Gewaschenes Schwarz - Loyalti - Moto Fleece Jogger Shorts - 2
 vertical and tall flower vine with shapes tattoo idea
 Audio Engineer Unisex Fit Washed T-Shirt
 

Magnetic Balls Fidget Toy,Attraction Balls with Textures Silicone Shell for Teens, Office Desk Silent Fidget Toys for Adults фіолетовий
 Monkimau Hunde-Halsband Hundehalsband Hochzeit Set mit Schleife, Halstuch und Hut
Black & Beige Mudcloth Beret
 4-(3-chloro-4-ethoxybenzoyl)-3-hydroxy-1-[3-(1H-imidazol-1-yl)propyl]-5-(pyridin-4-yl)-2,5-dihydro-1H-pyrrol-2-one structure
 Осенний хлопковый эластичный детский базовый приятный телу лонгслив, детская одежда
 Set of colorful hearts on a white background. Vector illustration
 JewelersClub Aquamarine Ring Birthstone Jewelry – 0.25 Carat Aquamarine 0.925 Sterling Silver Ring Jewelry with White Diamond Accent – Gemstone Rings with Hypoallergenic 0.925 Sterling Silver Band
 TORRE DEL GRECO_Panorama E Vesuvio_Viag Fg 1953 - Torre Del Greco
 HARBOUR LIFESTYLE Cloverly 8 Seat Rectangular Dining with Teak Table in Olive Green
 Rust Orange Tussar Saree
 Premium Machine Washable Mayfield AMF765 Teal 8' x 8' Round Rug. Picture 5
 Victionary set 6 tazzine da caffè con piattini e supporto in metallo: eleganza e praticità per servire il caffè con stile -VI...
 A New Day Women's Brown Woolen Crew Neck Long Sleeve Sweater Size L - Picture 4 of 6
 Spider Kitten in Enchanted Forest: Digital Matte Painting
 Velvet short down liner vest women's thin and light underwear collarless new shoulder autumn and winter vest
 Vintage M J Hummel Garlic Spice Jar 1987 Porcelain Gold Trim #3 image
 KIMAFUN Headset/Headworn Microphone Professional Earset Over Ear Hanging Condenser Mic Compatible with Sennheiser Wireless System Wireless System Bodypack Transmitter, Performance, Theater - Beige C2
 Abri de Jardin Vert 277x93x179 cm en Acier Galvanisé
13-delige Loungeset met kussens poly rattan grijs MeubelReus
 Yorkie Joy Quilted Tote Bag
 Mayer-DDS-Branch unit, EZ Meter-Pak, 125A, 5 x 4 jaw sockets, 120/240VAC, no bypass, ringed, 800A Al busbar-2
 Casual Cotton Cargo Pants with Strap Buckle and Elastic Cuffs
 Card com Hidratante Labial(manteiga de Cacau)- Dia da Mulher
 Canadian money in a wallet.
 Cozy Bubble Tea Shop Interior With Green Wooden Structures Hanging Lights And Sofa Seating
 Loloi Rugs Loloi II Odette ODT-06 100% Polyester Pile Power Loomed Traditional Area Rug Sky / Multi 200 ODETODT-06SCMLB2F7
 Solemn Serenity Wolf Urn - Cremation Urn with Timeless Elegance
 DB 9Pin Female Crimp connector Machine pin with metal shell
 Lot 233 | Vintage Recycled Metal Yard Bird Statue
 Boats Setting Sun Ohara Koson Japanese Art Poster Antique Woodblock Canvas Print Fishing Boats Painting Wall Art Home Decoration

::::::::::

**WHAT TO DO:** Each line of the listing is to be reproduced verbatim.

**TASK SOLUTION:**
Gewaschenes Schwarz - Loyalti - Moto Fleece Jogger Shorts - 2
 vertical and tall flower vine with shapes tattoo idea
 Audio Engineer Unisex Fit Washed T-Shirt
 

Magnetic Balls Fidget Toy,Attraction Balls with Textures Silicone Shell for Teens, Office Desk Silent Fidget Toys for Adults фіолетовий
 Monkimau Hunde-Halsband Hundehalsband Hochzeit Set mit Schleife, Halstuch und Hut
Black & Beige Mudcloth Beret
 4-(3-chloro-4-ethoxybenzoyl)-3-hydroxy-1-[3-(1H-imidazol-1-yl)propyl]-5-(pyridin-4-yl)-2,5-dihydro-1H-pyrrol-2-one structure
 Осенний хлопковый эластичный детский базовый приятный телу лонгслив, детская одежда
 Set of colorful hearts on a white background. Vector illustration
 JewelersClub Aquamarine Ring Birthstone Jewelry – 0.25 Carat Aquamarine 0.925 Sterling Silver Ring Jewelry with White Diamond Accent – Gemstone Rings with Hypoallergenic 0.925 Sterling Silver Band
 TORRE DEL GRECO_Panorama E Vesuvio_Viag Fg 1953 - Torre Del Greco
 HARBOUR LIFESTYLE Cloverly 8 Seat Rectangular Dining with Teak Table in Olive Green
 Rust Orange Tussar Saree
 Premium Machine Washable Mayfield AMF765 Teal 8' x 8' Round Rug. Picture 5
 Victionary set 6 tazzine da caffè con piattini e supporto in metallo: eleganza e praticità per servire il caffè con stile -VI...
 A New Day Women's Brown Woolen Crew Neck Long Sleeve Sweater Size L - Picture 4 of 6
 Spider Kitten in Enchanted Forest: Digital Matte Painting
 Velvet short down liner vest women's thin and light underwear collarless new shoulder autumn and winter vest
 Vintage M J Hummel Garlic Spice Jar 1987 Porcelain Gold Trim #3 image
 KIMAFUN Headset/Headworn Microphone Professional Earset Over Ear Hanging Condenser Mic Compatible with Sennheiser Wireless System Wireless System Bodypack Transmitter, Performance, Theater - Beige C2
 Abri de Jardin Vert 277x93x179 cm en Acier Galvanisé
13-delige Loungeset met kussens poly rattan grijs MeubelReus
 Yorkie Joy Quilted Tote Bag
 Mayer-DDS-Branch unit, EZ Meter-Pak, 125A, 5 x 4 jaw sockets, 120/240VAC, no bypass, ringed, 800A Al busbar-2
 Casual Cotton Cargo Pants with Strap Buckle and Elastic Cuffs
 Card com Hidratante Labial(manteiga de Cacau)- Dia da Mulher
 Canadian money in a wallet.
 Cozy Bubble Tea Shop Interior With Green Wooden Structures Hanging Lights And Sofa Seating
 Loloi Rugs Loloi II Odette ODT-06 100% Polyester Pile Power Loomed Traditional Area Rug Sky / Multi 200 ODETODT-06SCMLB2F7
 Solemn Serenity Wolf Urn - Cremation Urn with Timeless Elegance
 DB 9Pin Female Crimp connector Machine pin with metal shell
 Lot 233 | Vintage Recycled Metal Yard Bird Statue
 Boats Setting Sun Ohara Koson Japanese Art Poster Antique Woodblock Canvas Print Fishing Boats Painting Wall Art Home Decoration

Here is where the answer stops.